EXERCISE DIRECTIONS |
Restate the listing below exactly, images excluded.

RECORDED INFORMATION |

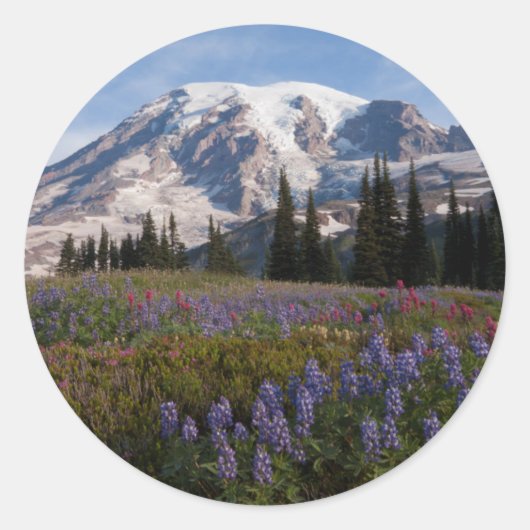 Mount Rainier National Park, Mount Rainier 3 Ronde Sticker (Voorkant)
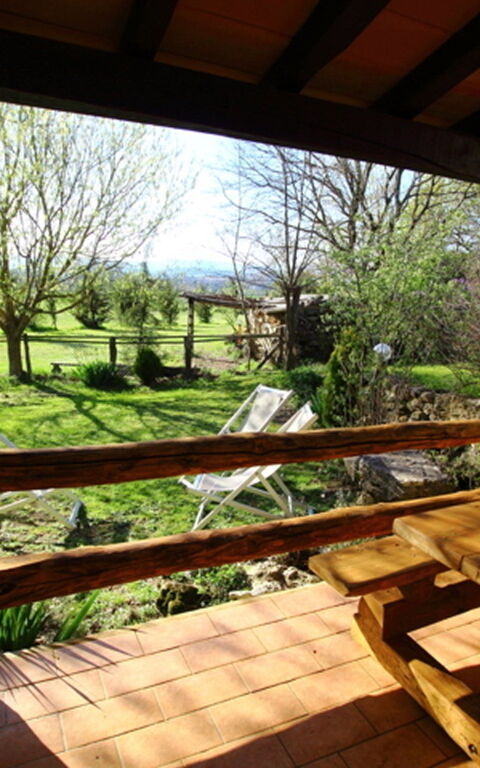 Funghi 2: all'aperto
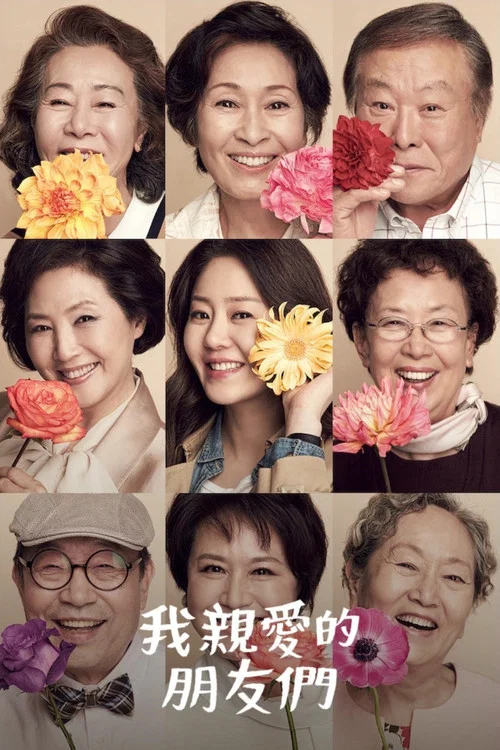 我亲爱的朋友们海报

SOLVED PROBLEM |
 Mount Rainier National Park, Mount Rainier 3 Ronde Sticker (Voorkant)
 Funghi 2: all'aperto
 我亲爱的朋友们海报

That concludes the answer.